[Opening Source material section]

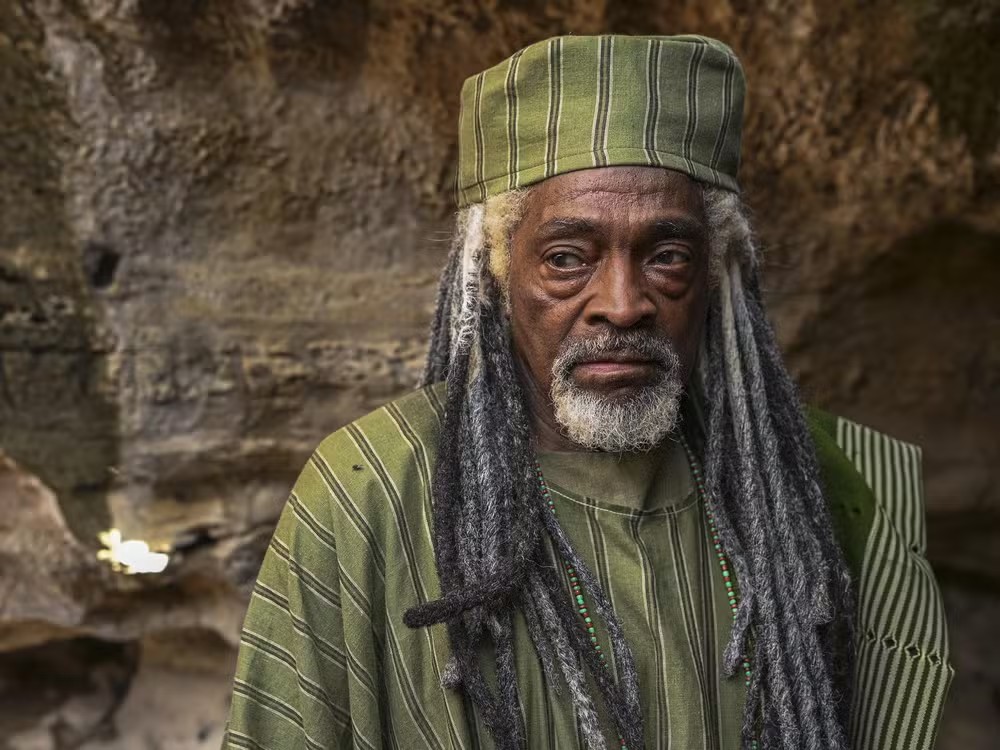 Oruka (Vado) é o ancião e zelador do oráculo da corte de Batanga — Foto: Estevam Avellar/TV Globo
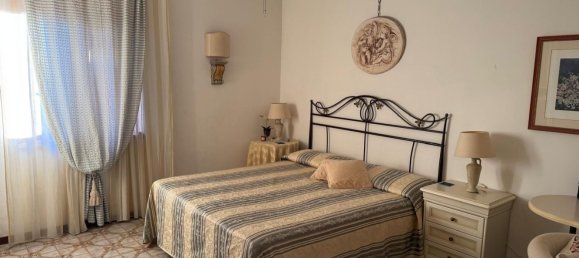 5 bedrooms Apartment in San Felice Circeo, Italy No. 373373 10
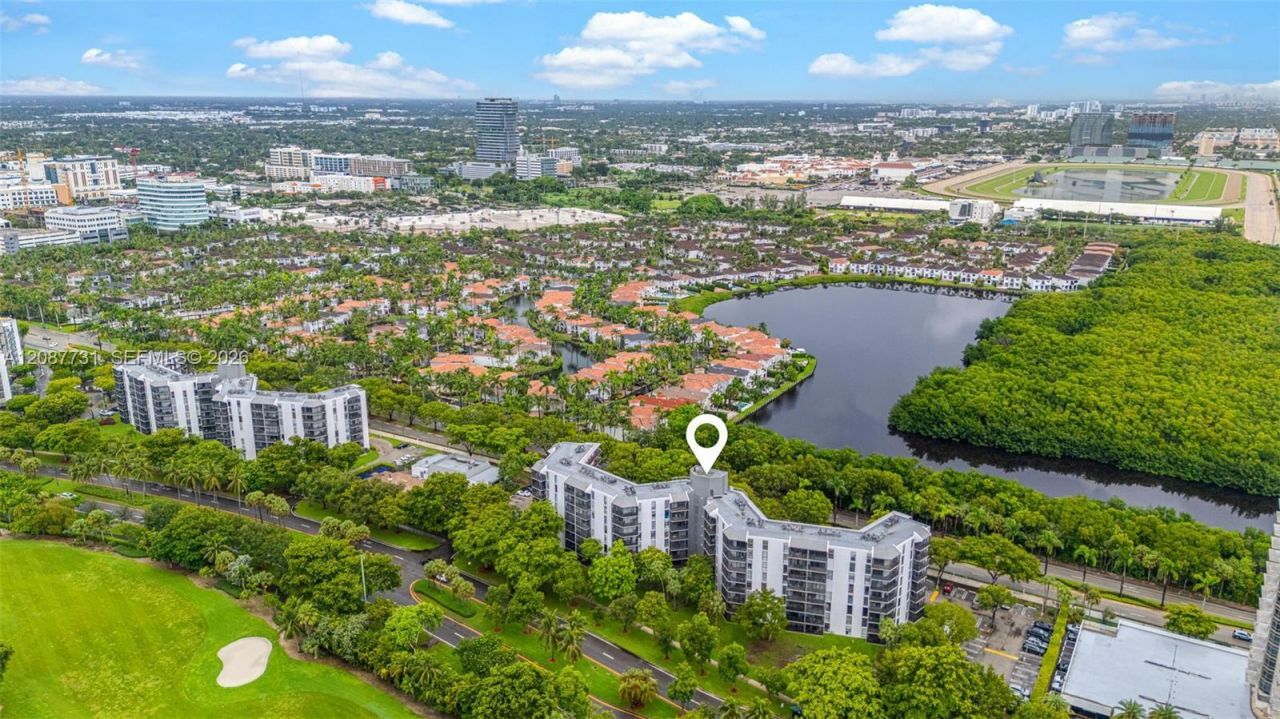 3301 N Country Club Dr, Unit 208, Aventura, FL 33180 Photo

[Closing Source material section]

- **Activity**: The line containing "5 bedrooms Apartment" marks the start: set down exactly that line and every line after it through the last line of the data, without any pictures.

- **Answer below**:
 5 bedrooms Apartment in San Felice Circeo, Italy No. 373373 10
 3301 N Country Club Dr, Unit 208, Aventura, FL 33180 Photo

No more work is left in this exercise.